Aside from those, Section 7 provides other ways by which banks may also comply with the mandatory financing requirement through other means.
Banks may invest in debt securities, including those issued by the Developmental Bank of the Philippines and the Land Bank of the Philippines, however, they must ensure that the proceeds from said debt securities shall be used to finance activities qualified under the law under Section 4 thereof. They may likewise open deposit accounts and/or invest in fixed-term deposit products with any financial institution established and operating in a rural community, termed “Rural Financial Institution or RFI”.
Directly investing in shares of stock of RFIs, subject to prevailing laws, rules, or regulations, or lending wholesale to RFIs is also considered compliance with the requirement.
Proceeds from debt securities issued by the DBP and the LBP as well as any deposit accounts/products with RFIs shall be separately accounted for by the depository bank and shall not be considered for purposes of computing the loanable funds of the said banks.
Banks may also consider rediscounting with banks such as eligible paper covering agriculture, fisheries, and agrarian reform credits. The rediscounted paper shall no longer be eligible for compliance on the part of the originating bank. Loans for the construction and upgrading of infrastructure, including but not limited to, farm-to-market roads, as well as the provision of post-harvest facilities and other public rural infrastructure that will benefit the rural community, and agri-business enterprises that maintain agricultural commodity supply-chain arrangements directly with rural community beneficiaries are also considered as compliance to the law.

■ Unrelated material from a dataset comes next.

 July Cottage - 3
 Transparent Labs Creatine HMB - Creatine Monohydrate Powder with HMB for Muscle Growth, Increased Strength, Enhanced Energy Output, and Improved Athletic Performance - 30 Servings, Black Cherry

They may also undertake agricultural value chain financing, or make available financial products and services to actors/players in the AVC that benefits rural communities; engage in sustainable finance; invest in shares of stock of the Philippine Crop Insurance Corporation or PCIC, or in companies that primarily engage in activities under Section 4 of the law, including investments in venture capital corporations, that benefit rural community beneficiaries; and Provide financing to electronic platforms that will facilitate AVCF and supply chain financing transactions among actors in agriculture.
Banks are cautioned that the loans and investments which are counted as compliance must not be funded by proceeds from the issuance of debt securities, and/or deposit/lending of other banks that have been counted as compliance with the mandatory credit. Note as well that certain activities may be counted at ten times their outstanding amount, or as otherwise prescribed, for purposes of determining compliance with the mandatory agricultural and fisheries financing requirement if these activities generally benefit agrarian reform beneficiaries under the agrarian reform law and its amendments and extensions, or agrarian reform community, i.e., a barangay or a cluster of barangays primarily composed of and managed by agrarian reform beneficiaries which are organized and willing to undertake the integrated development of an area and/or their organizations/cooperatives.
I mentioned that financial institutions are watching this law and its implementing rules closely, largely because of the hefty penalty that comes with non-compliance. The main regulator for the banking and financial institutions in the country, the Bangko Sentral ng Pilipinas, is empowered to impose administrative sanctions and other penalties on the lending institutions for violation of the New Agri Agra Law. Penalties on noncompliance or under compliance shall be computed at one-half of one (0.05) percent of noncompliance or under compliance, or at rates prescribed by the BSP Monetary Board.
Hence, the higher a bank’s total loanable fund, the greater the probability of paying a higher penalty in case of failure to comply with the 25 percent credit quota.
With so much of the country’s food security and the overall development of rural areas at stake, we hope that the law achieves its laudable objectives to the end and that financial institutions are marshaled to provide much-needed financial support to agricultural industries.